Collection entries
Start of Block

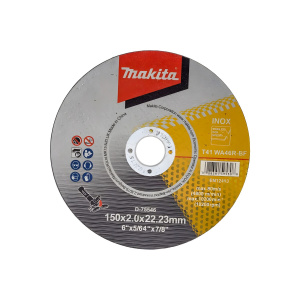 Диск отрезной 150 х 2.0 х 22.2 мм (нерж. сталь) MAKITA D-75546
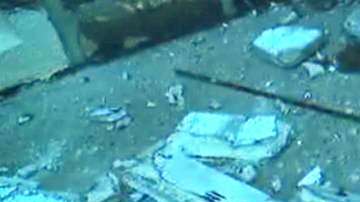 La imagen destrozada contenía los tres primeros mandamientos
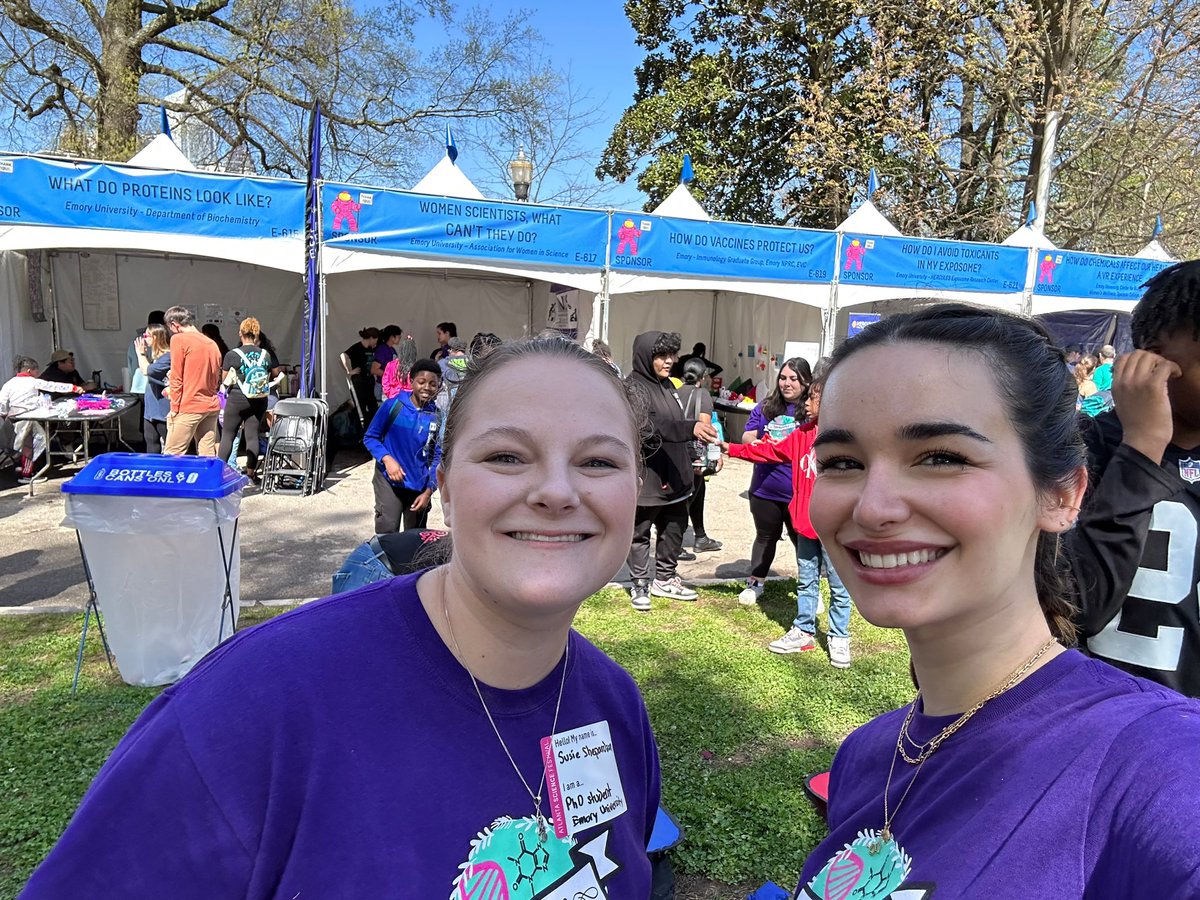Had a wonderful time teaching kids about neural plasticity at #ATLSciFest with @AWIS_Emory 🧠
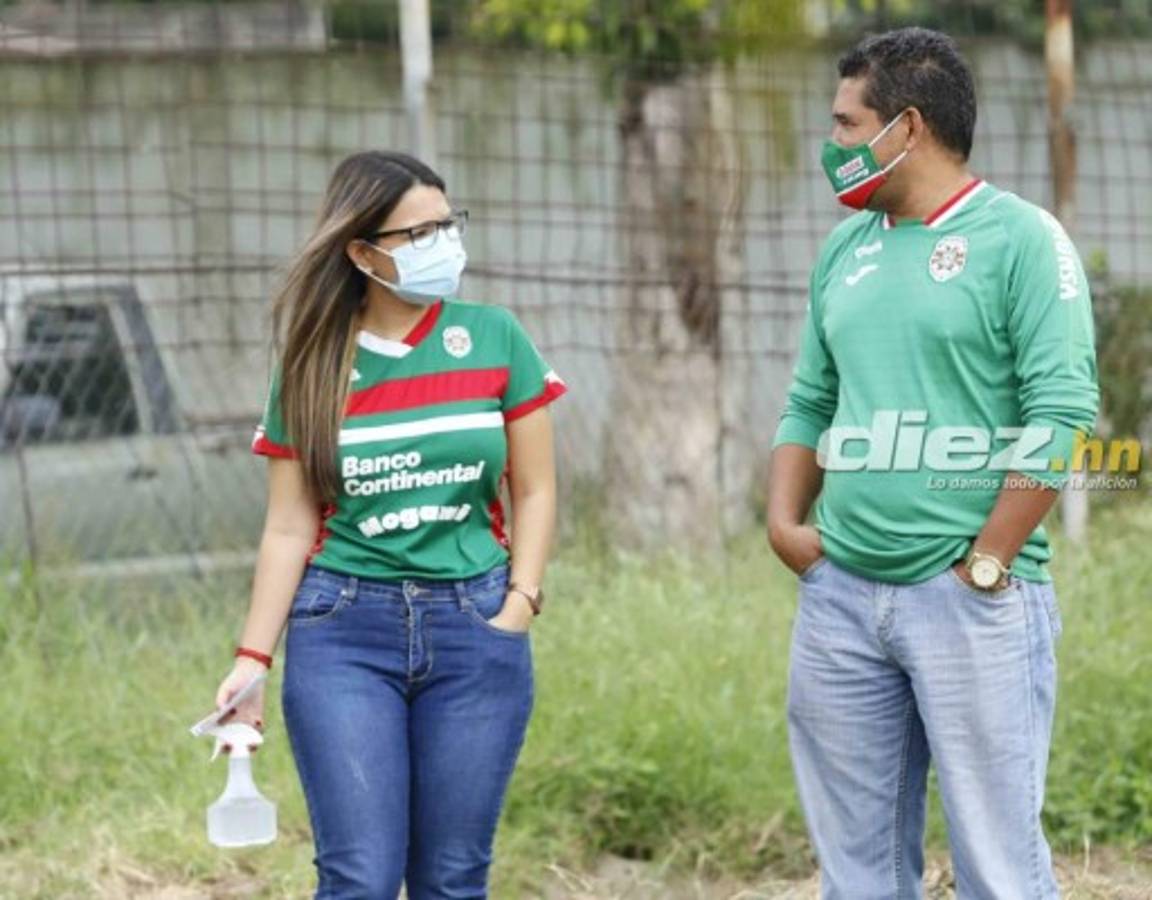 El gran ambiente de la final Marathón-Olimpia: Bellas modelos y la Ultra Fiel se roba el show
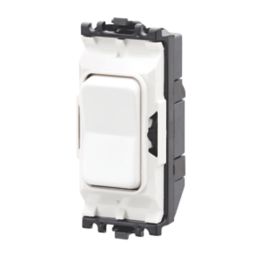 MK Grid Plus 20A 2-Way Grid Light Switch White with Colour-Matched Inserts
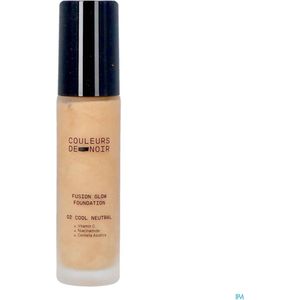 Les Couleurs De Noir Fusion Glow Foundation 02 Cool Neutral 30ml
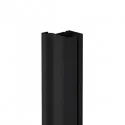 Perfil Gola Vertical Preto 8018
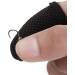Minicart 3 Pack Anti-Slip Fishing Single-Finger Gloves - Index Finger Protector for Outdoor Fishing - Unisex Elastic Band Glove in Black - Buy Online on SooperMarket.com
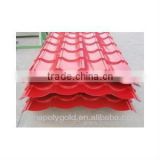 coated galvanized corrugated roofing tiles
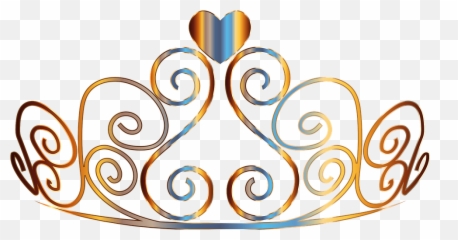 Tiara Crown Female - Princess Clipart Black And White Emoji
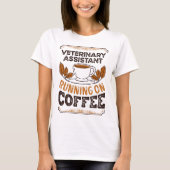 T-shirt Assistant vétérinaire en cours d'exécution Coffee  (Devant)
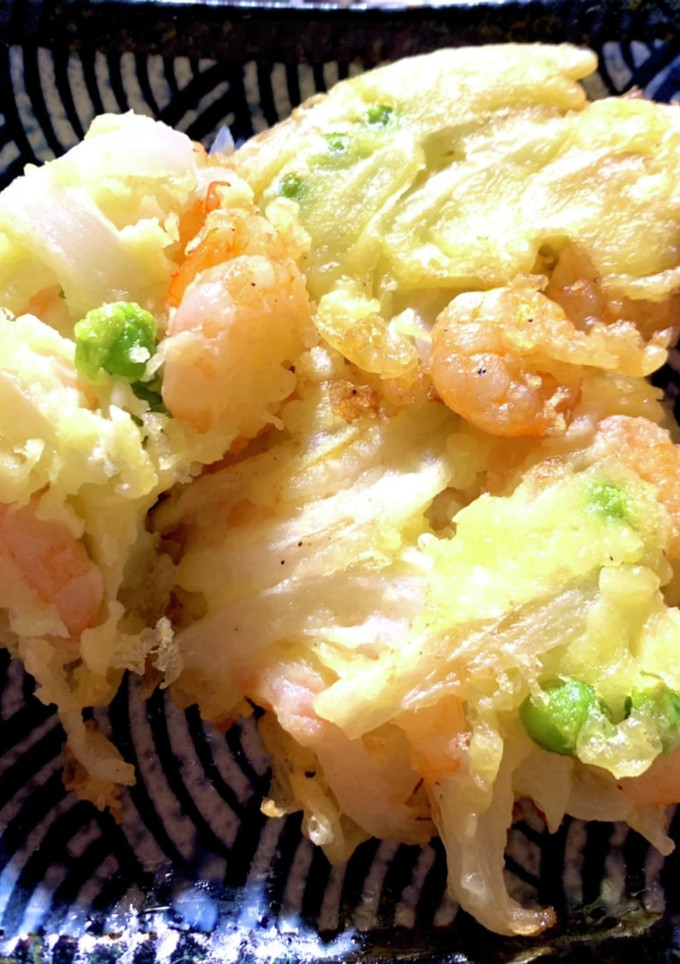 グリーンピースとエビと玉ねぎのかき揚げ-レシピのメイン写真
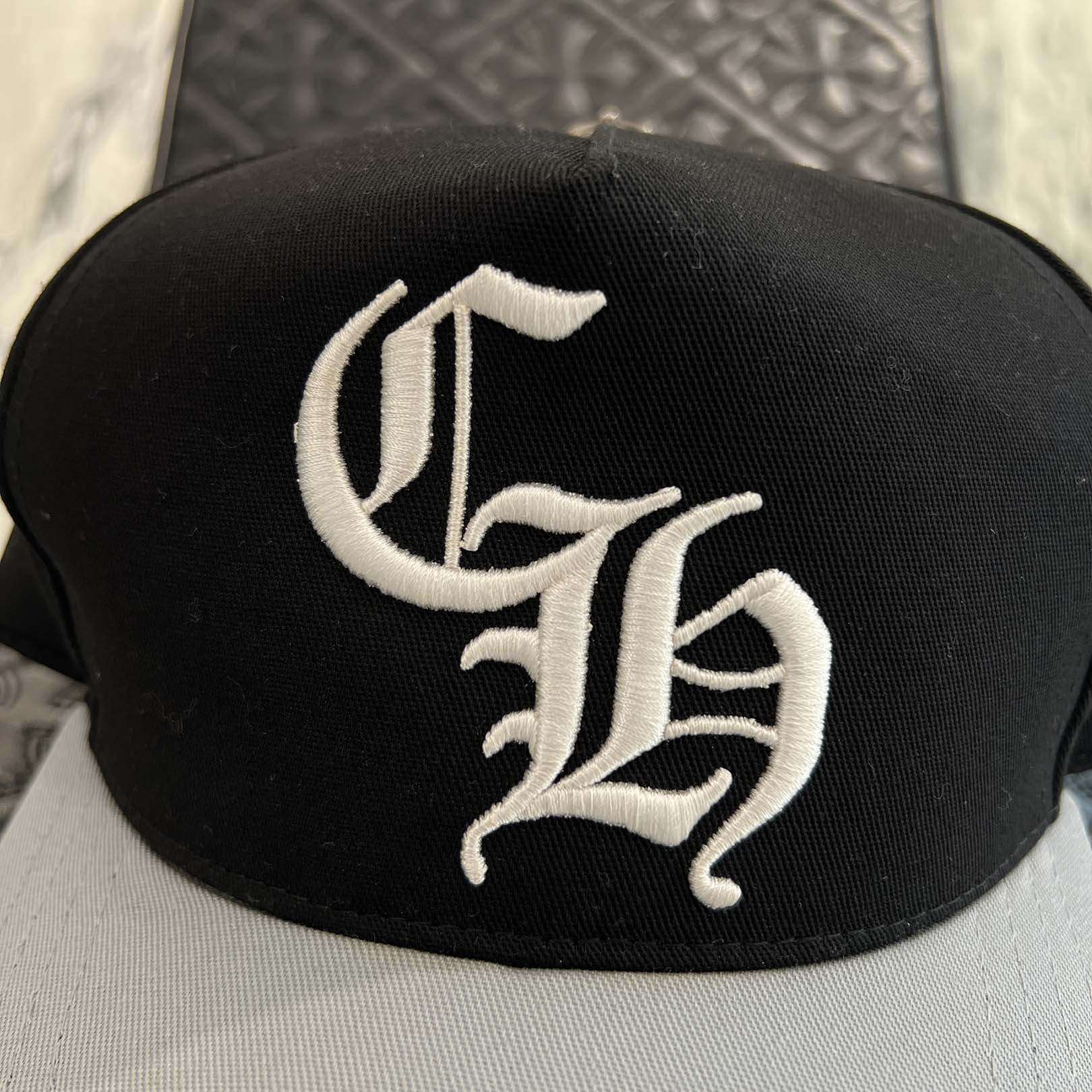 CHROME HEARTS CH Logo Embroidery Trucker Cap Size ONE SIZE (53-60) クロムハーツ CHロゴ刺繍 トラッカーキャップ サイズONE SIZE (53-60)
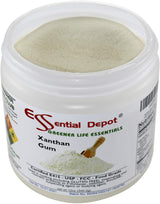 Essential Depot Xanthan Gum 12 oz. Powder USP FCC Food Grade - Gluten Free Cooking - Safety Sealed HDPE Container with Resealable Cap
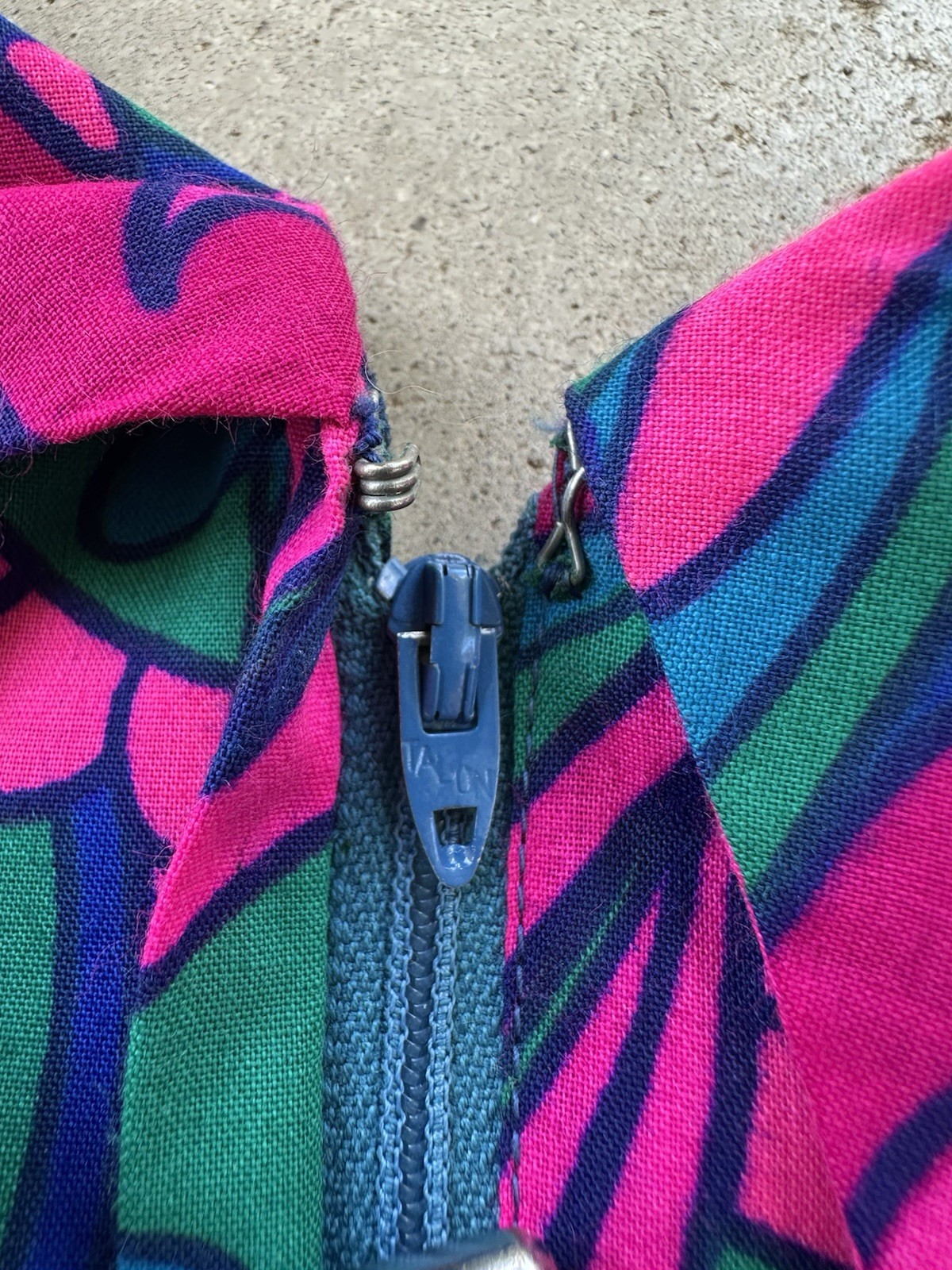 1960s Fumis Waikiki Hawaiian Palazzo Jumpsuit Psychedelic Floral Hostess Mod VTG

End of Block

### EXERCISE DETAILS
In your copy, restate the data above word for word but leave out any picture.

### OUTPUT BELOW
 Диск отрезной 150 х 2.0 х 22.2 мм (нерж. сталь) MAKITA D-75546
 La imagen destrozada contenía los tres primeros mandamientos
Had a wonderful time teaching kids about neural plasticity at #ATLSciFest with @AWIS_Emory 🧠
 El gran ambiente de la final Marathón-Olimpia: Bellas modelos y la Ultra Fiel se roba el show
 MK Grid Plus 20A 2-Way Grid Light Switch White with Colour-Matched Inserts
 Les Couleurs De Noir Fusion Glow Foundation 02 Cool Neutral 30ml
 Perfil Gola Vertical Preto 8018
Minicart 3 Pack Anti-Slip Fishing Single-Finger Gloves - Index Finger Protector for Outdoor Fishing - Unisex Elastic Band Glove in Black - Buy Online on SooperMarket.com
 coated galvanized corrugated roofing tiles
 Tiara Crown Female - Princess Clipart Black And White Emoji
 T-shirt Assistant vétérinaire en cours d'exécution Coffee  (Devant)
 グリーンピースとエビと玉ねぎのかき揚げ-レシピのメイン写真
 CHROME HEARTS CH Logo Embroidery Trucker Cap Size ONE SIZE (53-60) クロムハーツ CHロゴ刺繍 トラッカーキャップ サイズONE SIZE (53-60)
 Essential Depot Xanthan Gum 12 oz. Powder USP FCC Food Grade - Gluten Free Cooking - Safety Sealed HDPE Container with Resealable Cap
 1960s Fumis Waikiki Hawaiian Palazzo Jumpsuit Psychedelic Floral Hostess Mod VTG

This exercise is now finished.